• **Task instructions**
Begin at the line containing "кокаин Славгород" and restate it and each line after it exactly, up to and including the last line below. Leave pictures out.

Captioned web images
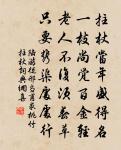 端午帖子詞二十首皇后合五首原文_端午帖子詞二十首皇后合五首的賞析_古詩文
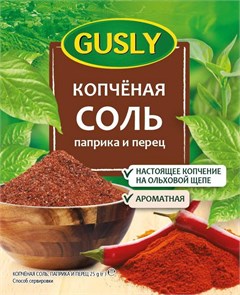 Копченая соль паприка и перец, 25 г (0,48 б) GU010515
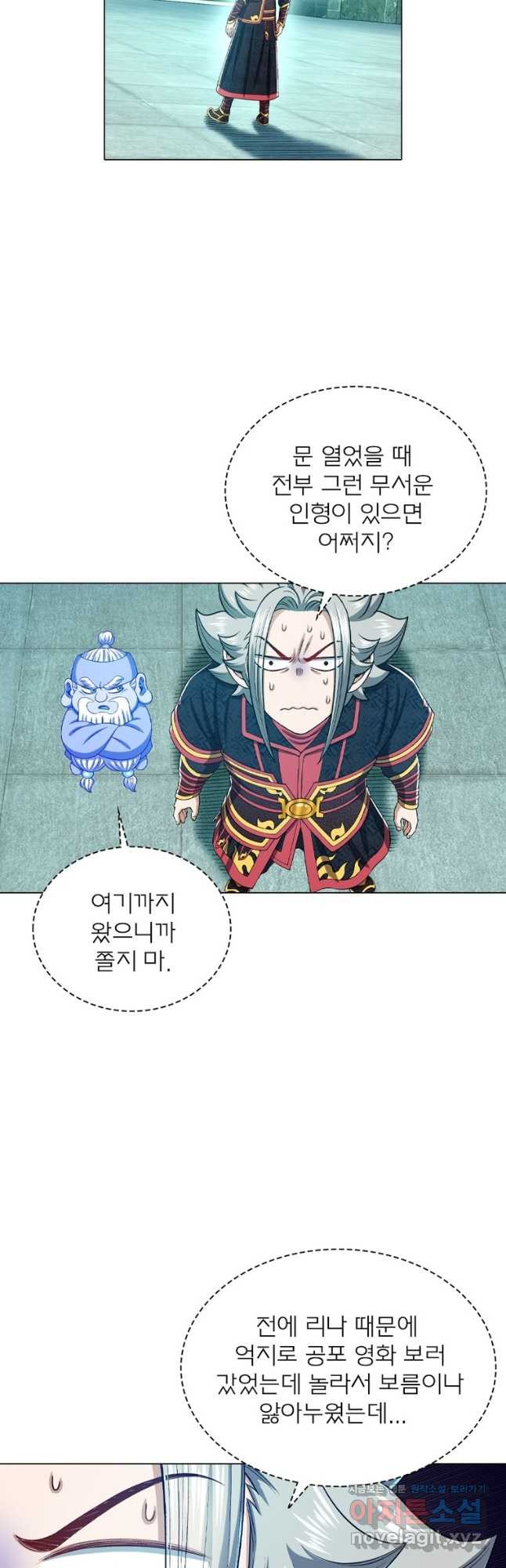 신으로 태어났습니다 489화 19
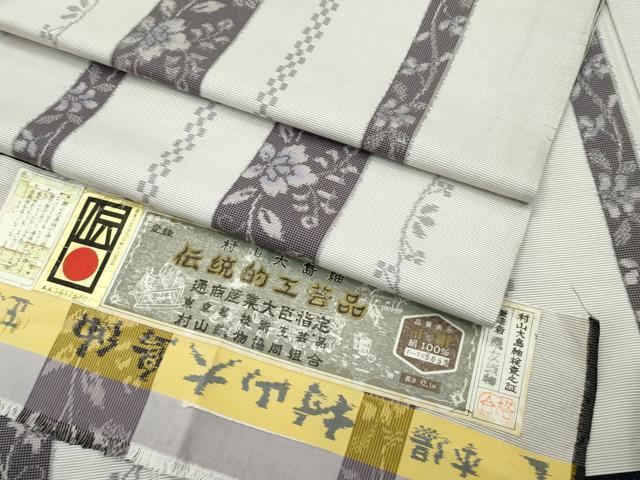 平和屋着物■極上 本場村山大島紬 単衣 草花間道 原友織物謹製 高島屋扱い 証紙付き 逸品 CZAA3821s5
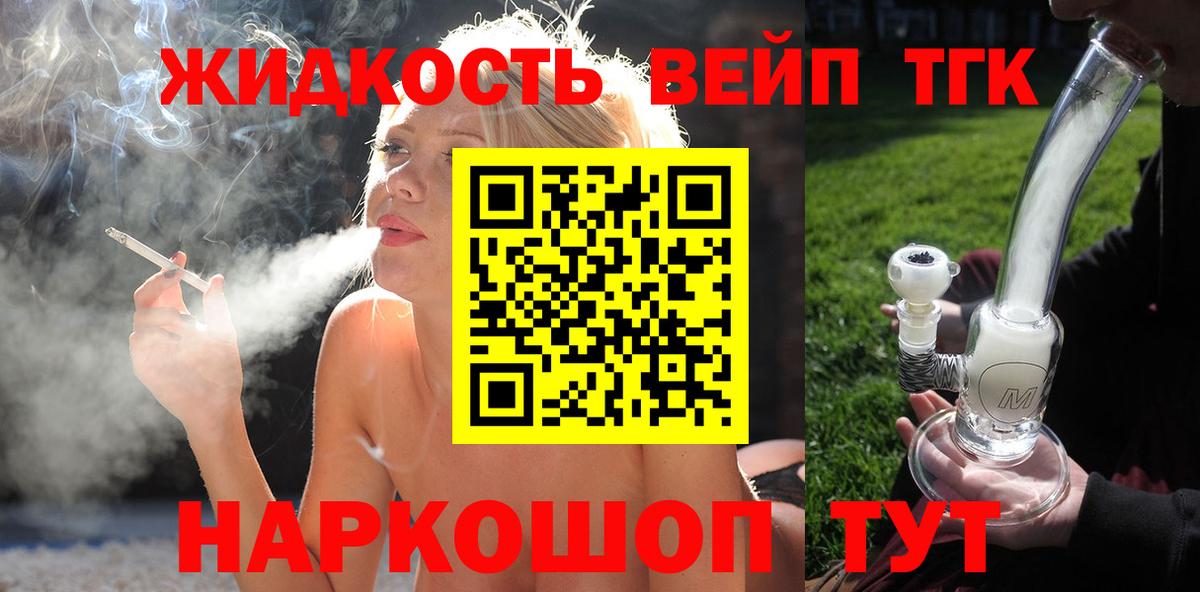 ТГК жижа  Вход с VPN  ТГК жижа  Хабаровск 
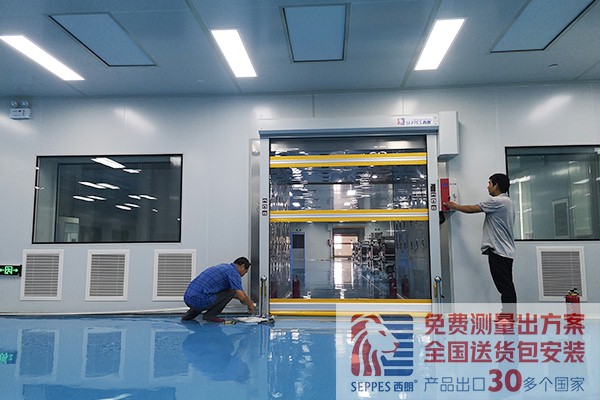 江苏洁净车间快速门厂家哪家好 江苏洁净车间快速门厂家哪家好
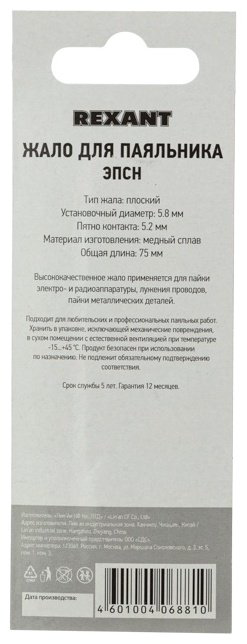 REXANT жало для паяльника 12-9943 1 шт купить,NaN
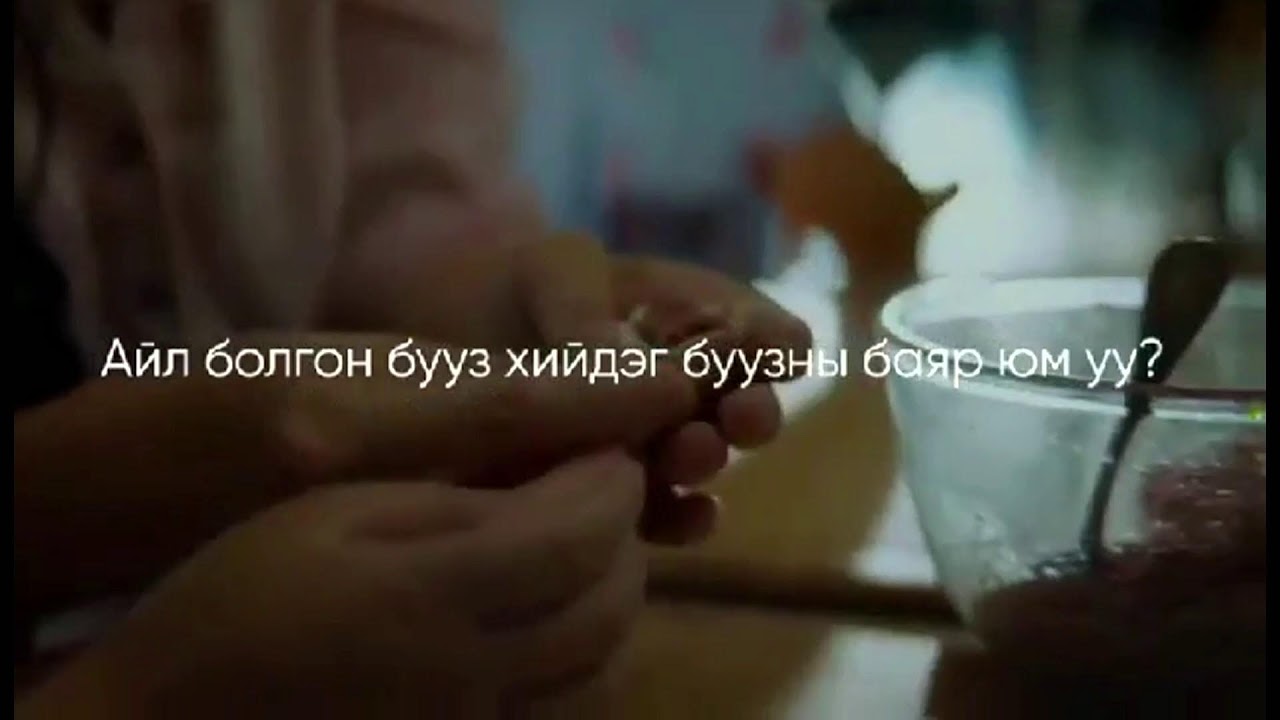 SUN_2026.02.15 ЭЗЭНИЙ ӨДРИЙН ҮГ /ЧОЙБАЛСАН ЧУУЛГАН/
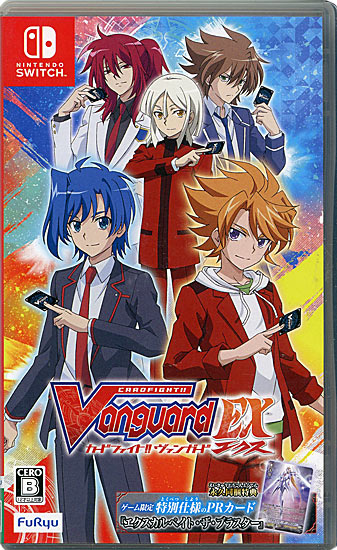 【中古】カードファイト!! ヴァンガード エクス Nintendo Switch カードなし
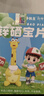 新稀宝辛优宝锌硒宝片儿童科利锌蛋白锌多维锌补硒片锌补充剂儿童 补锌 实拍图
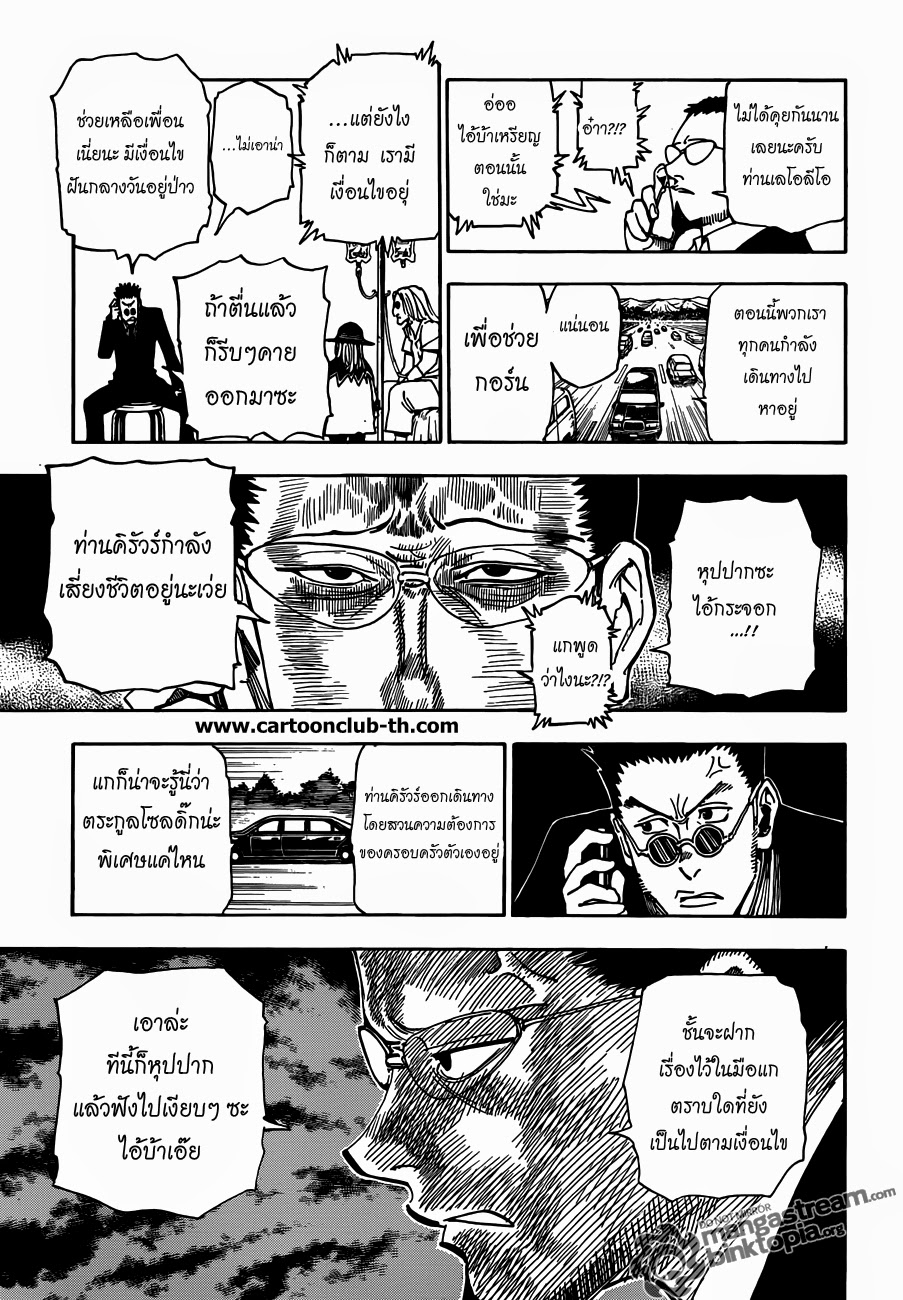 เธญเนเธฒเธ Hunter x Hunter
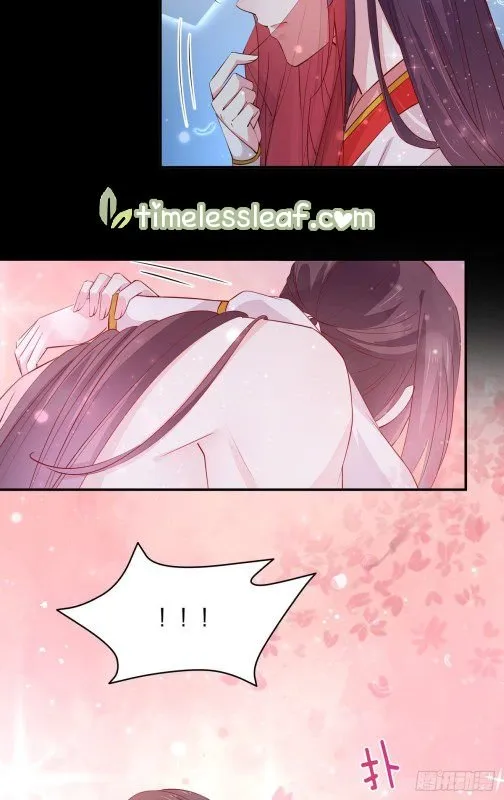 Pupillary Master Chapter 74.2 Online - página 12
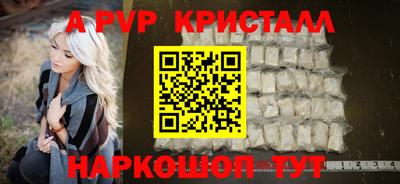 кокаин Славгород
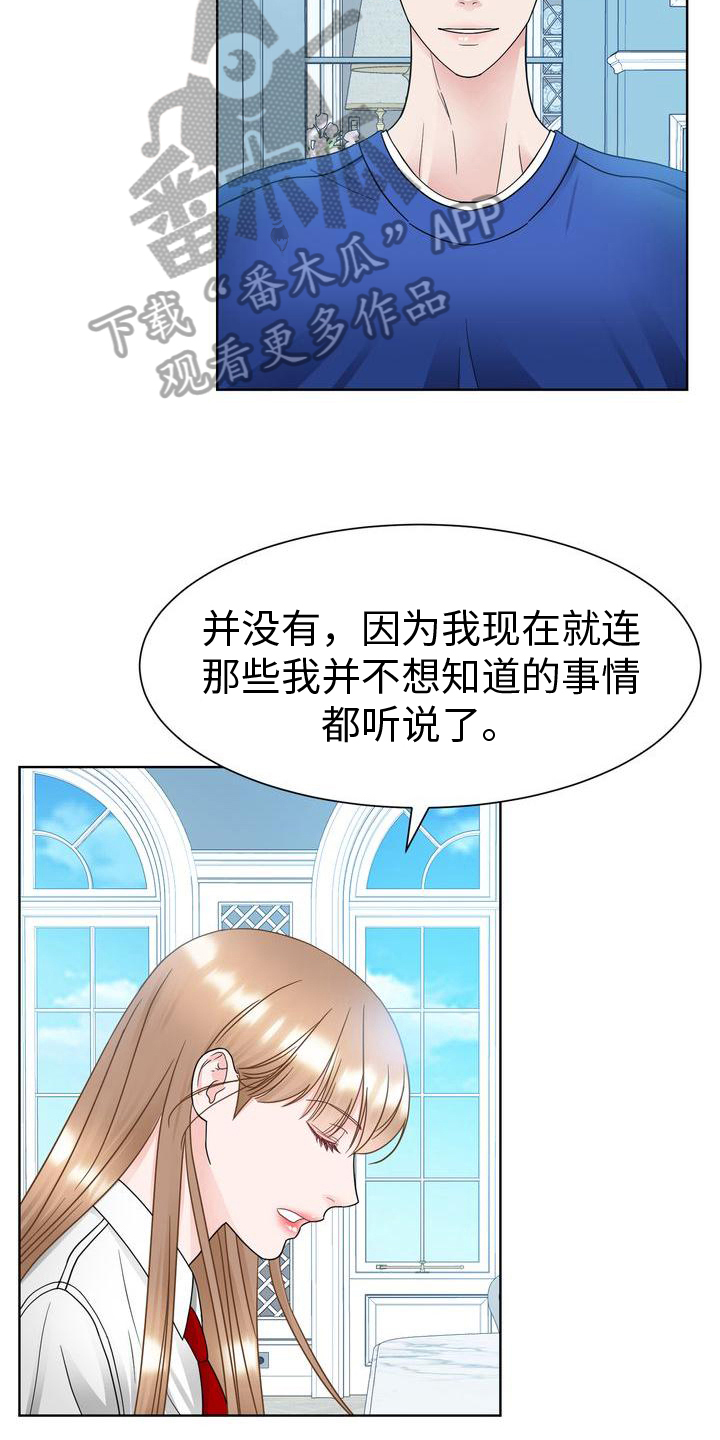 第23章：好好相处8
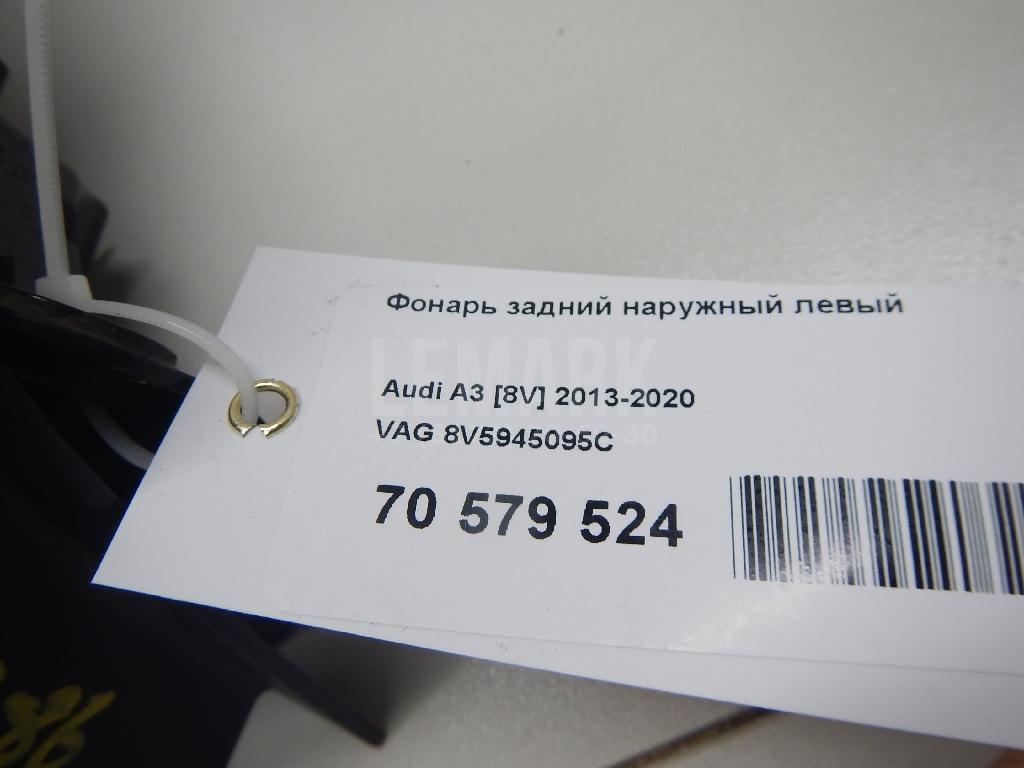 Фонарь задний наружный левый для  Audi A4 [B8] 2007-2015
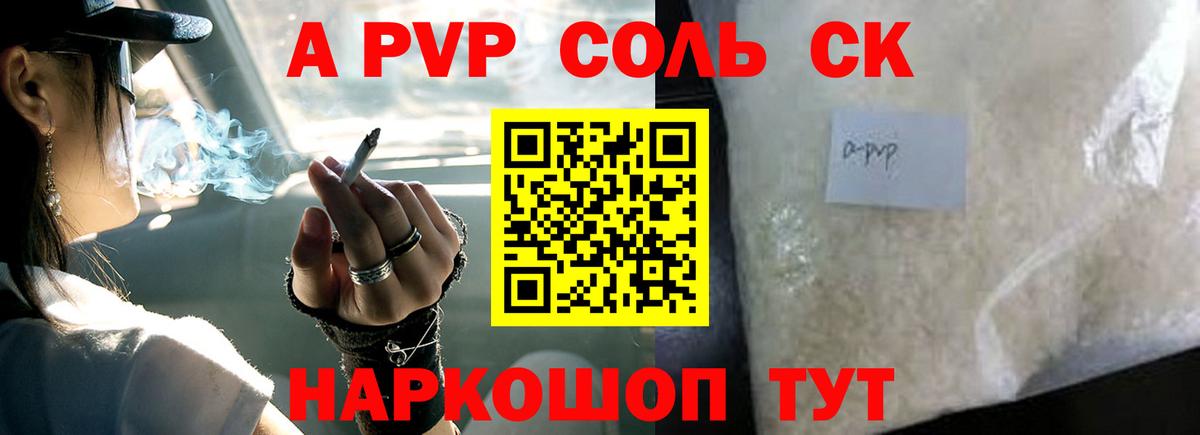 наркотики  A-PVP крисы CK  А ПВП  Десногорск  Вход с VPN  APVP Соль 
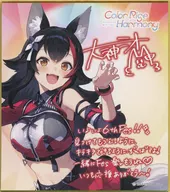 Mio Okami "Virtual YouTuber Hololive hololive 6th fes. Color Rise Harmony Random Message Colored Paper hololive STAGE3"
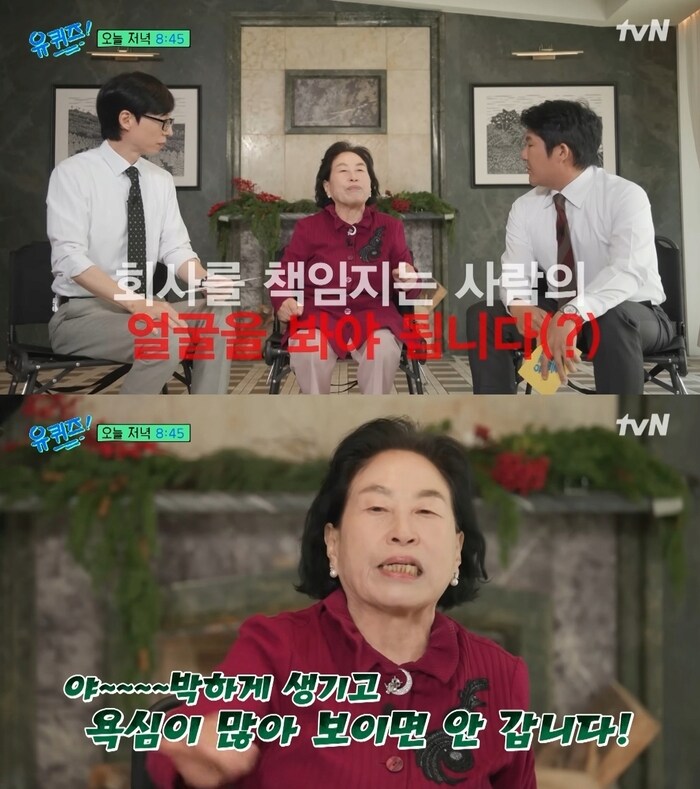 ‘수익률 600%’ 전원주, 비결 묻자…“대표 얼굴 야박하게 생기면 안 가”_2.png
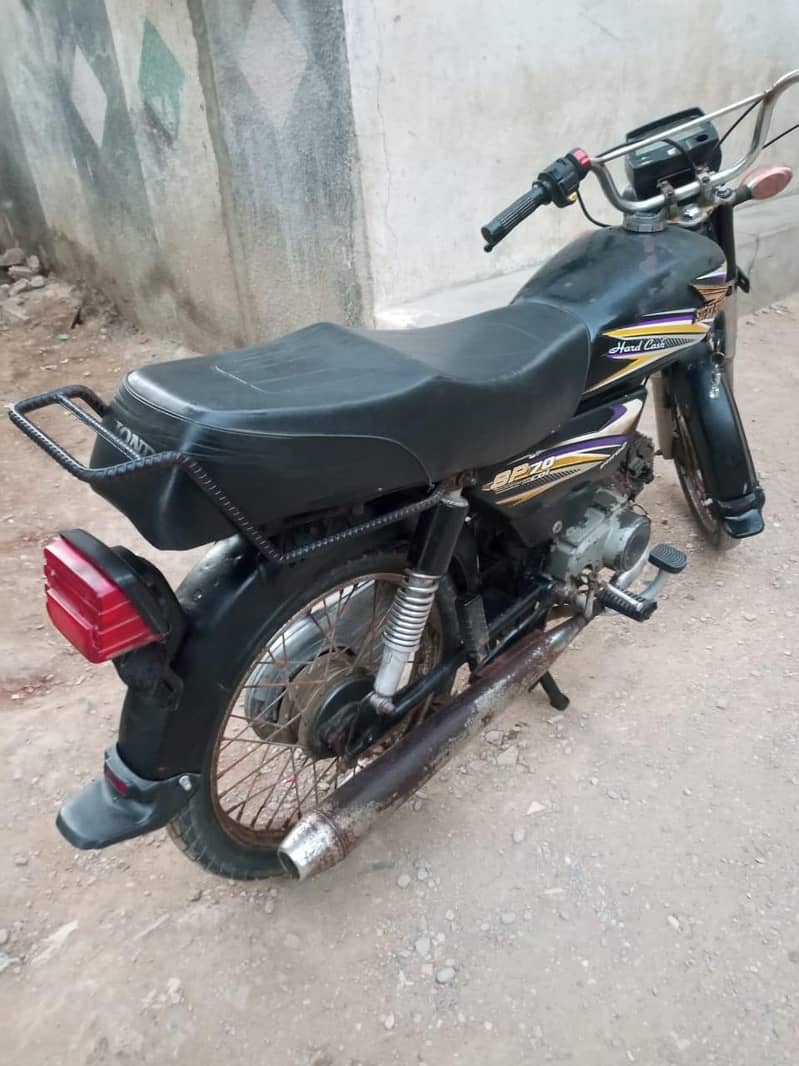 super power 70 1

• **Answer for the task**
 кокаин Славгород
 第23章：好好相处8
 Фонарь задний наружный левый для  Audi A4 [B8] 2007-2015
 наркотики  A-PVP крисы CK  А ПВП  Десногорск  Вход с VPN  APVP Соль 
 Mio Okami "Virtual YouTuber Hololive hololive 6th fes. Color Rise Harmony Random Message Colored Paper hololive STAGE3"
 ‘수익률 600%’ 전원주, 비결 묻자…“대표 얼굴 야박하게 생기면 안 가”_2.png
 super power 70 1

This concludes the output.